Признанный мастер пейзажа, заслуженный художник Украины, лауреат художественной премии «Киев» им. С. Шишко за 2002 г. в интервью «Антиквару» рассказал, как создавались его самые известные произведения, и какую роль в работе над ними сыграли натурные зарисовки и этюды.

09.07.2013

Признанный мастер пейзажа, заслуженный художник Украины, лауреат художественной премии «Киев» им. С. Шишко за 2002 г. в интервью «Антиквару» рассказал, как создавались его самые известные произведения, и какую роль в работе над ними сыграли натурные зарисовки и этюды.


Все известнейшие художники старшего поколения, ваши учителя — К. Трохименко, А. Шовкуненко, Н. Глущенко, И. Штильман, Д. Шавыкин, С. Григорьев, Т. Яблонская, Б. Рапопорт, И. Плещинский, Е. Волобуев — постоянно работали на пленэре. Каждый из них, будучи яркой творческой личностью, нашёл свой собственный метод общения с натурой. Чему они учили вас — своих студентов?

Да, они действительно были очень разными… Одни, подобно Глущенко, работали на эмоциональном всплеске, другие (к числу которых принадлежу и я) любили медленно углубляться в сюжет. Как и наши учителя, мы с друзьями — Г. Гавриленко, А. Лымаревым, Г. Григорьевой, О. Животковым — много работали на пленэре. Конечно, наши вкусы постепенно менялись, но всё же не коренным образом. Скажем, у меня со временем возникло желание идти дальше этюда с натуры — я возвращаюсь к нему уже в мастерской, углубляю замысел и создаю на его основе пейзаж-картину. Это мой путь, я так работаю, осмысливая то, что смог взять на пленэре. И оказалось, что память души даёт возможность работать довольно долго, иногда многие годы. Для меня это очень важно, потому что я испытываю потребность варьировать полюбившийся мотив.

Мои учителя из Харьковского художественного училища, а позже и Татьяна Ниловна Яблонская не раз повторяли, что писать этюд можно только тогда, когда очень нравится мотив.

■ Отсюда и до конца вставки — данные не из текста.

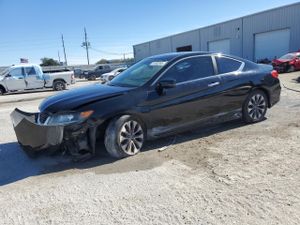 Honda Accord EXL 2.4L 4 2015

Некоторые студенты, правда, писали всё подряд, но большинство относилось к выбору мотива очень серьёзно. Помню, мой друг и сокурсник Н. Стороженко когда-то на летней практике в Каневе проходил целый день и вернулся без этюда — его ничто не тронуло…

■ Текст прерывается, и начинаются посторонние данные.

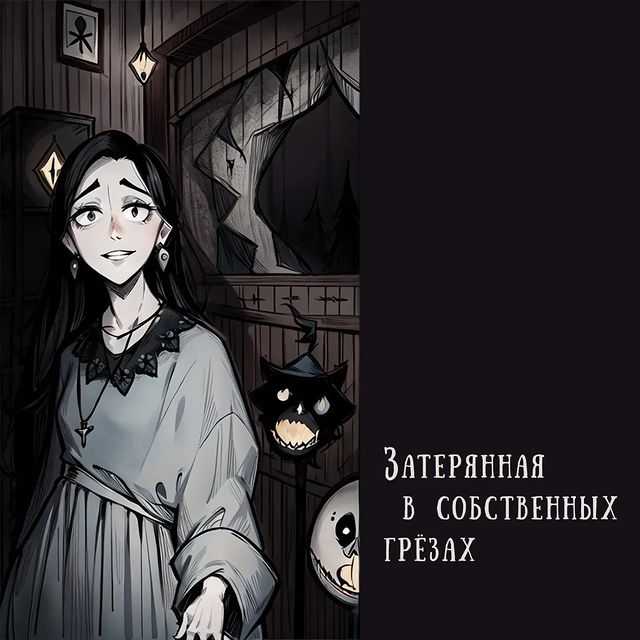 veter_v_ivah_ru в LOOKY. #арт,#творческаямастерская,#готическийарт,#вдохновение,#готическийстиль,#длявдохновения,#авторскаямастерская,#блог,#блогдлявдохновения,#интересныйблог. Блуждая по обшарпанн...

Работа с натуры необычайно ценна для становления художника. Но потом включаются иные механизмы, без которых невозможно рождение картины, — воспоминания детства, ассоциации — то есть та самая «память души».

Понятие «пленэрная живопись» чаще всего употребляют по отношению к барбизонцам и французским импрессионистам, подразумевая то особое внимание, которое они уделяли передаче нюансов световоздушной среды. Некоторые ваши картины, в частности, «Старокиевские холмы», «Синий вечер», «Вид с Чернечей горы. Канев», «Ранняя весна», «пленэрны» именно в этом смысле, а не только потому, что они писались на открытом воздухе. Расскажите об истории создания этих, по сути программных произведений.

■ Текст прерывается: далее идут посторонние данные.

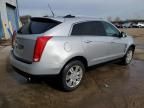 2011 Cadillac SRX Luxury Collection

Начну с картины «Вид с Чернечей горы. Канев» (1980). Этим летом мне посчастливилось после долгого перерыва снова побывать в тех местах. Я приехал в Канев по приглашению организатора современных пленэров Юрия Сташкива. Несколько незабываемых дней провёл в арт-отеле «Княжа гора», посетил библиотеку-музей А. Гайдара, в которой почти полвека назад — в 1966-м — делал роспись-триптих. (Слава Богу, он не повреждён.) От этой тяжёлой работы, длившейся четыре месяца, я отдыхал вечерами на Чернечей горе, где похоронен Тарас Шевченко. В один из таких вечеров я взобрался на деревянные подмостки, сооружённые выше могилы поэта для огромного хора, выступавшего на праздновании его 150-летия, и глянул вниз. С этой точки, которая впоследствии перестала быть доступной (ведь подмостки вскоре развалились), я увидел чудо: усеянные хатками холмы в сумерках — район Канева под названием Бессарабия. Таким это место, вероятно, видел Кобзарь. Величие природы в сочетании с вечерним освещением стало для меня настоящим потрясением.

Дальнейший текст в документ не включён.